On June 24, Judge Jessica Colon‑Sayre granted a defense motion that sharply limits how prosecutors can use the DNA work at trial. Defense attorneys say the Joliet Crime Lab prepared DNA testing on a sample from a handgun trigger, then destroyed that material without notifying them, despite a court order.
According to WJOL, Hansen’s lawyers at the Tomczak Law Group told the court the lab began preparing DNA testing on April 19, 2025 and "ultimately destroyed the DNA evidence" taken from the trigger on June 4, 2025. The defense pushed for dismissal of the murder counts or serious sanctions, arguing the court’s prior order had been violated. Will County State’s Attorney James W. Glasgow said his office is reviewing the ruling and what it means for the case.
What the court said
Judge Colon‑Sayre did not mince words about the Joliet Crime Lab’s conduct. She found the handling of the DNA sample "reckless" and "negligent," according to WJOL. The court is expected to tell jurors that the lab violated a court order and that they should consider any destroyed or unavailable DNA results as evidence that would have been favorable to Hansen.
The Tomczak Law Group told reporters that instruction could seriously undercut the prosecution’s forensic case, giving the defense a powerful tool to challenge whatever science the state still tries to put in front of the jury.

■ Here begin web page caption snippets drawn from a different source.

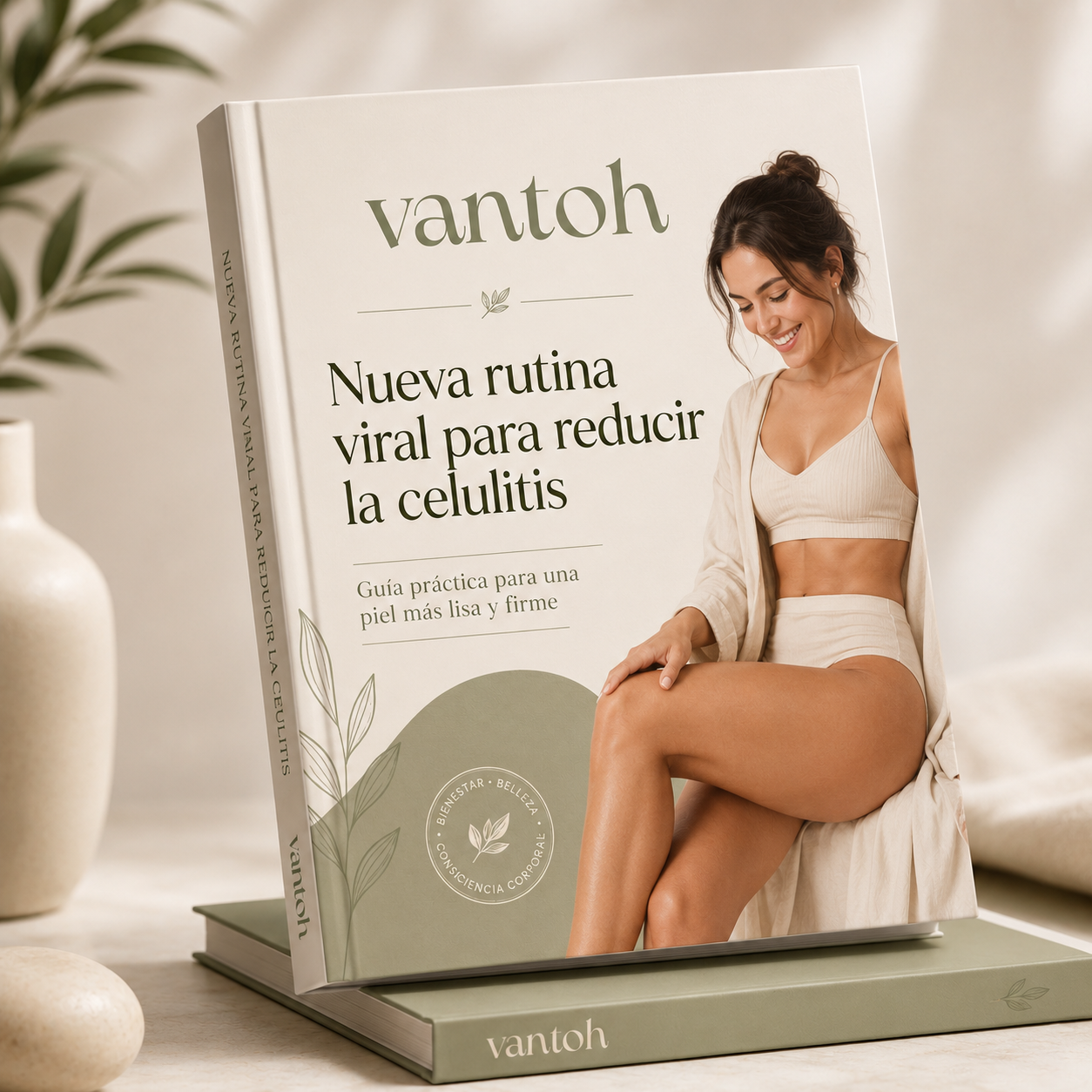 Ebook Rutina Anticelulitis Vantoh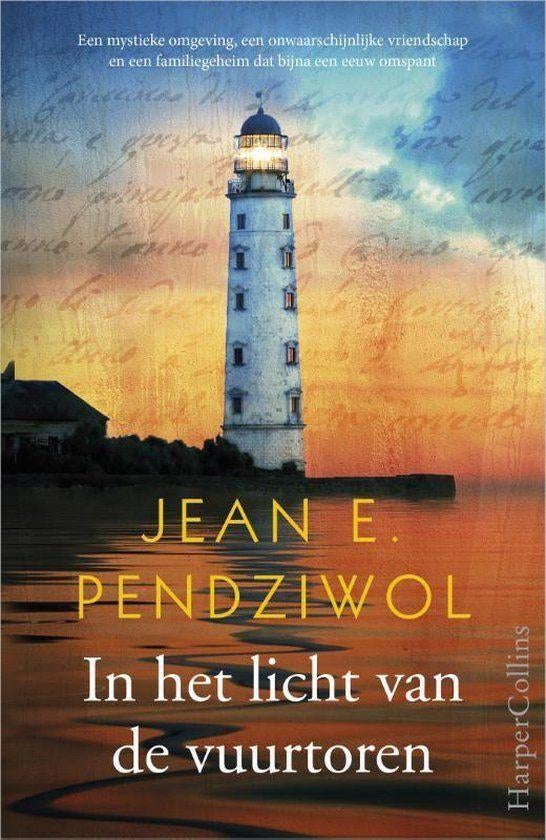 Te Koop Boek IN HET LICHT VAN DE VUURTOREN Jean E.Pendziwol, Boeken, Thrillers, Wereld overig, Zo goed als nieuw, Jean E.Pendziwol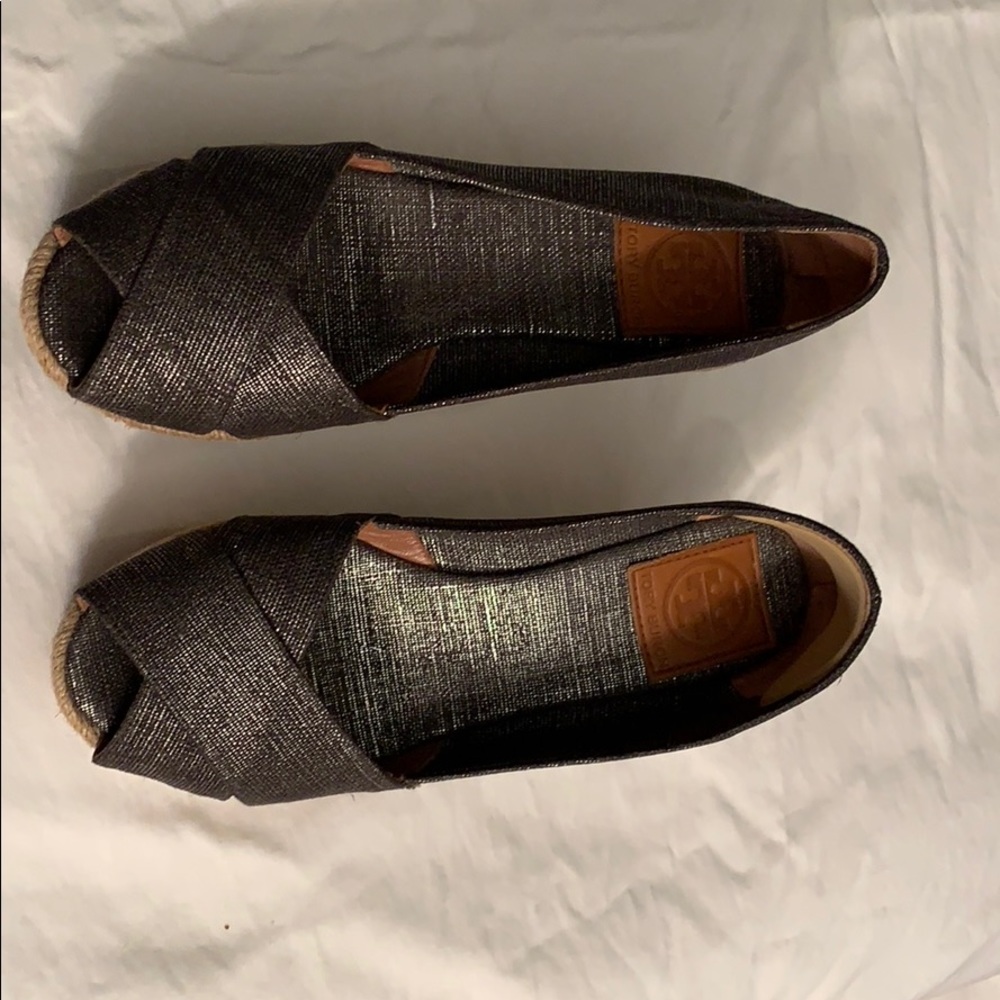 Tory Burch espadrilles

How this ties back to the Joliet shootings
The charges against Hansen stem from a Jan. 21, 2024 shooting rampage in which Romeo Alexander Nance is accused of killing seven of his relatives and another man. Authorities said Nance died by suicide the next day. Hansen was arrested May 31, 2024 and faces first‑degree murder and related charges in connection with two of the shootings, as detailed by the Associated Press.
Legal fallout and next steps
The DNA dispute is not the first time defense attorneys have clashed with forensic staff in this case. Lawyers for Hansen had already accused lab personnel of testing key evidence without allowing a defense expert to observe, an allegation aired in prior motions and reported by Shaw Local.
With the new ruling, prosecutors may have to rethink how much forensic evidence they can safely present at trial and whether to seek appellate review before a jury is ever seated. For now, the Will County State’s Attorney’s Office says it is studying the judge’s order while both sides gear up for more pretrial battles.
"This ruling will have a devastating effect on the State’s already tenuous prosecution of my client," defense attorney Anna Rose Bertani said, according to local reporting. No trial date has been set, and court filings suggest the case is likely to see more legal wrangling over the contested DNA work before jurors hear any of it in a courtroom.